Never heard any Canadian talk about arrogant US hunters - maybe its your personality. From your posts Ive read on this site I can tell you are probably not a very likeable person to have to be around.

You say shootem posted these pics for his own ego - how do you know that? Are you a mind reader? Maybe he only had the camera out at the end of the hunt, maybe he is saving the action photos for this website he is talking about.....I dont know, I wasnt there...

Two years ago we found an indian that said he would take every bird we wanted to give him for the whole week. I dont remember the exact number but he said the year before he had given "thousands" of birds to native families that wanted them. Sorry if that makes you sad......


----------



## PJ

shooteminthelips said:


> If you dont like the sunglasses that is to bad, my hunting buddies think they look stupid too, however I like them.


x2!


----------



## wingaddict

I don't think I posted anything out of line or false. But thanks for your concern JD.

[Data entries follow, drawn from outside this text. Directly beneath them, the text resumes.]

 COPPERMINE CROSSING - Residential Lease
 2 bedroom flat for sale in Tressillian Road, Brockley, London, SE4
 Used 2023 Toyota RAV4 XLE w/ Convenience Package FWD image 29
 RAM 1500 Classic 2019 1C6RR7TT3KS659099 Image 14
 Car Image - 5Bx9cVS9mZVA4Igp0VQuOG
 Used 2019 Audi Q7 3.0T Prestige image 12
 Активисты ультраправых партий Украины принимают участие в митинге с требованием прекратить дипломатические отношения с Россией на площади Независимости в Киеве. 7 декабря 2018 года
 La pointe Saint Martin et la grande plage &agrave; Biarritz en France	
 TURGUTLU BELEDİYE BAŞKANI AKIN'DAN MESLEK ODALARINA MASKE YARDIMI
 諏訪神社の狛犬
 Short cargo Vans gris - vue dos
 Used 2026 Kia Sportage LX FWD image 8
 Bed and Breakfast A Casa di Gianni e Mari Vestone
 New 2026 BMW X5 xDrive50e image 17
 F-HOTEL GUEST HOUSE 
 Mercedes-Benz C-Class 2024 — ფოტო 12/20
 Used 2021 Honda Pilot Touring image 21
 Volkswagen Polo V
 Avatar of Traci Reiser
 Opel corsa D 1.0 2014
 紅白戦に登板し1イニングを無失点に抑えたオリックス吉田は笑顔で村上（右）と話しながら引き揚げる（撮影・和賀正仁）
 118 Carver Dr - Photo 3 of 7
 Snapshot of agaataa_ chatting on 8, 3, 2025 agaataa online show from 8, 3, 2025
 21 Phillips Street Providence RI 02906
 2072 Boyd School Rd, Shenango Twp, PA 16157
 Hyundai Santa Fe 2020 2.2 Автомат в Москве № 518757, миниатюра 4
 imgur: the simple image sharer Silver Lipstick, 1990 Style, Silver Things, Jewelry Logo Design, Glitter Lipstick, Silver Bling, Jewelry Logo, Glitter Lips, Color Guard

If you honestly found someone to take your birds that would put them to good use, good on you for helping someone out.

However, I still feel that all too many people use the "we found someone to take them all" as a scapegoat. 
In all my travels in Canada, or for spring snows, or just the fall season in ND. I've found a handful of people wanting to take just one or two birds, but maybe I'm not being persistent enough or hunting the right areas. Who knows.

As far as the ego goes. look at some of the guys posts on this or any other site and its not hard to figure out he's pretty proud of himself. Take it for what its worth.

"Arrogant US" hunters. My buddies wife is from a farm family in Saskatchewan and her relatives and other farmers in the area have nothing good to say about a majority of the hunters that they run into from the states. Its sad really.


----------



## Codeman

Im glad to see others agree with me thinking this is ridiculous. I like how these same ppl that shoot this many birds freak out everytime a NR hunter comes on this forum. This is the exact same thing. You are shooting more birds than you are legally allowed to posses. That is breaking the law for one. Two it is just wrong. What is the fun in just killing killing and killing more birds? There are laws for a purpose. So next time some NR comes on this forum and you give him crap you are the one who is the hypocrit. You are the exact definition of a NR. You are the type of person that gives an NR a bad name. I am sorry if this is extreme, but it is 100 percent true. Even if you gifted those birds out, they are still technically counted towards your possesion limit.

Show some sportsmanship and be humane and an honest hunter. Be happy with what you got and that you had a couple great shoots and stop taking advantage of the system. :rock: This really ticks me off. I am just giving my opinion and I feel everyone is entitled to their own opinion. I am sure you have your own opinion but this is mine. And hopefully after you read all of these comments you realize that you messed up and next time be more responsible and show some sportsmanship.


----------



## BB

> My buddies wife is from a farm family in Saskatchewan and her relatives and other farmers in the area have nothing good to say about a majority of the hunters that they run into from the states. Its sad really.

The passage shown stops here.